The valve housing 46 is disposed downstream of the pump 24 'and is mounted to the pump housing 20'. The valve stop 70, valve spring 72, and flow regulator 74 are each disposed entirely or at least partially within the valve housing 46. In some examples, the valve housing 46 is threaded into the pump housing 20'. The valve housing 46 contains a portion or all of the check valve 56. The valve stop 70 is disposed within the valve housing 46. The valve stop 70 is configured to limit a downstream travel range of a valve element (such as a ball when the check valve 25 comprises a ball) of the check valve 25. The valve stop 70 is cylindrical and is located within a cylindrical path within the valve housing 46. Within the valve housing 46, a gap is formed between the outer diameter of the valve stop 70 and the inner diameter of the cylindrical passage. This gap allows paint to flow downstream past the valve stop 70 and to the nozzle 66. The valve spring 72 is configured to bias the valve stop 70 upstream toward the piston 54. However, the flow of paint generated by the pump 24' may push the valve stop 70 downstream within the cylindrical passage within the valve housing 46. The positioning of the valve stop 70 may be balanced by the flow of paint and the valve spring 72 to set the travel limit of the valve element of the check valve 56. The valve spring 72 also engages a flow regulator 74. The flow regulator 74 is located at least partially within the valve housing 46 and the downstream end of the valve housing 46. The flow regulator 74 may include a narrow passage extending through the flow regulator 74 to prevent paint from dripping or dripping from the fluid path when the hand-held sprayer 10' is not spraying. For example, the paint may be sufficiently viscous that it cannot flow through the orifice formed in the flow regulator 74 when the pressure is below the spray pressure generated by the pump 24'.

The tip housing 32 is mounted on a valve housing 46. In some examples, the tip housing 32 is threaded to the valve housing 46. The tip housing 32 supports the spray tip 26 'and allows the spray tip 26' to rotate within the cylindrical cavity of the tip housing 32. As previously described, the spray tip 26' is configured to rotate to allow the flow of paint to reverse through the nozzle 66 to unblock the nozzle 66.

During operation, the piston 54 is driven through alternating pump and intake strokes to pump fluid from the reservoir 22' to the spray nozzle 66 and produce a spray. During spraying, the dynamic connection 18 'between the drive module 14' and the fluid module 12 'drives the pump 24'. To begin spraying, the user depresses trigger 40, which activates motor 82. Motor 82 rotates pinion gear 86, and pinion gear 86 drives rotation of gear 88. Gear 88 rotates eccentric 90 which oscillates collar 92 and drive connector 94 causing linear reciprocation of drive connector 94. The dynamic connection 18' is formed between the receiver 60 mounted on the second end 64 of the piston 54 and the drive connector 94 extending from the collar 92. The receptacle 60 may also be referred to as a fluid module dynamic connector. Drive connector 94 may also be referred to as a drive module dynamic connector.

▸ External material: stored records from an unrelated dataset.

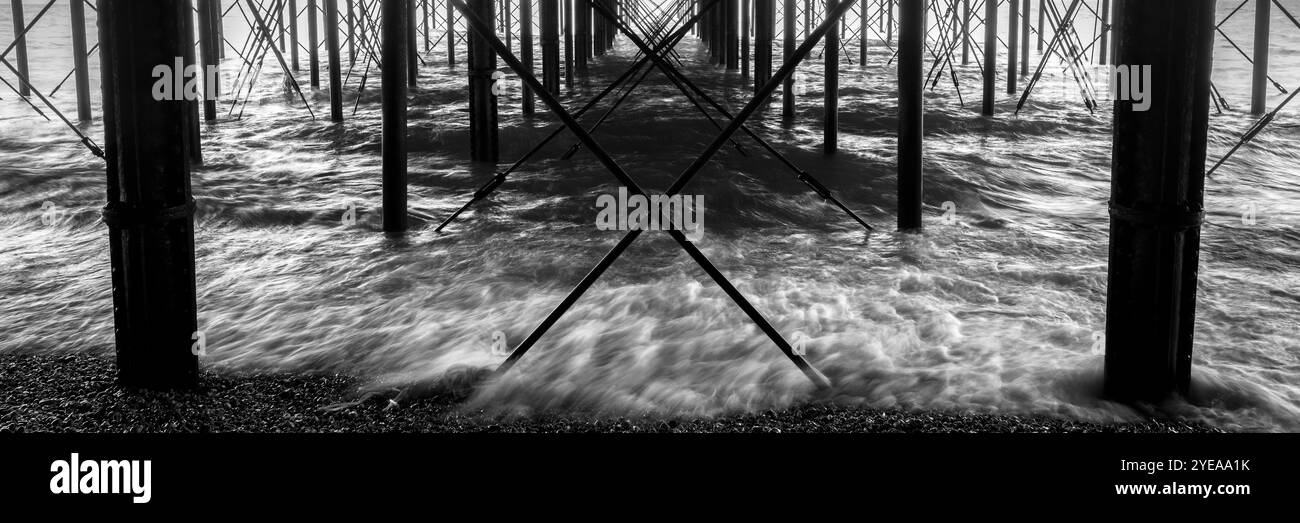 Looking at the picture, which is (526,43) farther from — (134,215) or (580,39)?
(134,215)

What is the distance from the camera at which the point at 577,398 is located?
12.6ft

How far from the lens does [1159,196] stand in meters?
3.15

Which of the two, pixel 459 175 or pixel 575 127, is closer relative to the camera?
pixel 575 127

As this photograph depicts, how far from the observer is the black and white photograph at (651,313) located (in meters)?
2.92

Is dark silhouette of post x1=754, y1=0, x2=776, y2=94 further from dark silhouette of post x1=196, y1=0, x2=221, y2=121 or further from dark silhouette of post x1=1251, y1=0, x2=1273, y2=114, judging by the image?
dark silhouette of post x1=196, y1=0, x2=221, y2=121

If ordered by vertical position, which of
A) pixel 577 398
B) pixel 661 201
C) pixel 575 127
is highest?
pixel 575 127

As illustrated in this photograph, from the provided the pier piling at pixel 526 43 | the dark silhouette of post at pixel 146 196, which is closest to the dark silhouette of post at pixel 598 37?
the pier piling at pixel 526 43

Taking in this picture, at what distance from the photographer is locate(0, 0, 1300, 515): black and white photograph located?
115 inches

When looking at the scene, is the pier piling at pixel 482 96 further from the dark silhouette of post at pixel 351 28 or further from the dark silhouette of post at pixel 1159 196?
the dark silhouette of post at pixel 1159 196

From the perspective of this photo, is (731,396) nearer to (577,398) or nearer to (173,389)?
(577,398)

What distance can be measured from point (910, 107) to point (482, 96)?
440 cm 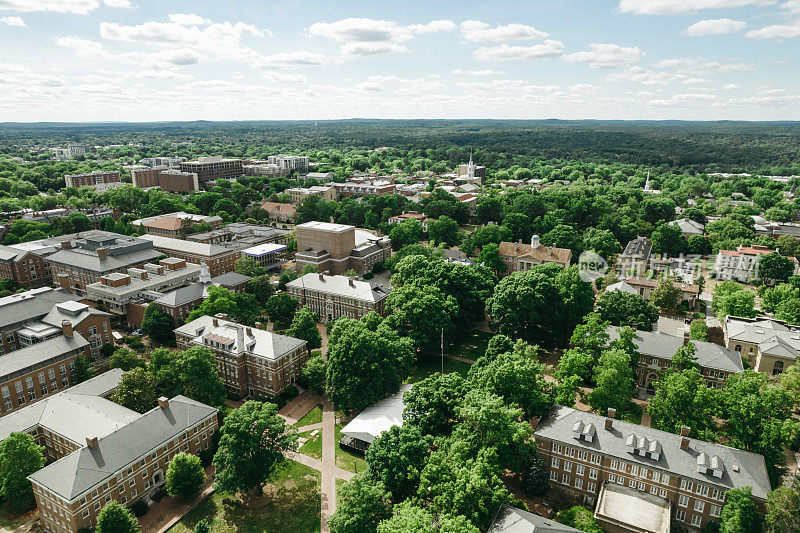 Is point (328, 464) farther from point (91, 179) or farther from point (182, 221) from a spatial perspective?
point (91, 179)

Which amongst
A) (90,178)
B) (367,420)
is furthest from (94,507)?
(90,178)

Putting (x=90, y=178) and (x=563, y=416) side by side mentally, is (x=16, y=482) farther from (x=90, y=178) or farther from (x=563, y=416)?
(x=90, y=178)

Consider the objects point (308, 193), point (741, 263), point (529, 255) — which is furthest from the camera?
point (308, 193)

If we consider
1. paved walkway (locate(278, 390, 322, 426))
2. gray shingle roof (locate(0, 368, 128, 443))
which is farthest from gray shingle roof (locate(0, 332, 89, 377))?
paved walkway (locate(278, 390, 322, 426))

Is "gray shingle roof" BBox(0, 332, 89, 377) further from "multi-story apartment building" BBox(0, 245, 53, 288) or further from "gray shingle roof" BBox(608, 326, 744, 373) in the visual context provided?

When the drive connector 94 moves forward, the drive connector 94 exerts a forward force on the receiver 60, thereby driving the piston 54 forward through a pump stroke. When the drive connector 94 is moved rearward, the return spring 58 drives the receiver 60 rearward. Due to the connection of the piston 54 and the receiver 60, the receiver 60 pulls the piston 54 back through the intake stroke. The user may release the trigger 40 to stop spraying. The user can remove all fluid carrying components from the hand-held sprayer 10 'by unlocking the static connection 16' and pulling the fluid module 12 'away from the drive module 14'. The user may then resume spraying by installing the same or a new fluid module 12 'onto the drive module 14'.

Fig. 4A is a detailed cross-sectional view of the hand-held sprayer 10' showing the piston 54 in the forward position of the pump stroke. Fig. 4B is a detailed cross-sectional view of the hand-held sprayer 10' showing the piston in the rearward position of the suction stroke. Fig. 4A and 4B will be discussed together. The pump housing 20 ', pump 24 ', valve housing 46, spray valve 50, and cylinder 98 of the fluid module 12 ' are shown. The fitting 36 and the fluid inlet 68 of the pump housing 20' are shown. The pump 24' includes a piston 54, a check valve 56, a return spring 58, and a receiver 60. The piston 54 includes a first end 62 and a second end 64. The check valve 56 includes a ball 100. The receiver 60 includes a receptacle 102. The cylinder 98 defines a chamber 104 and includes a port 106. The drive housing 28 'and mechanical drive 84 of the drive module 14' are shown. The mechanical driver 84 includes a gear 88, an eccentric 90, a collar 92, a drive connector 94, and a bearing 96.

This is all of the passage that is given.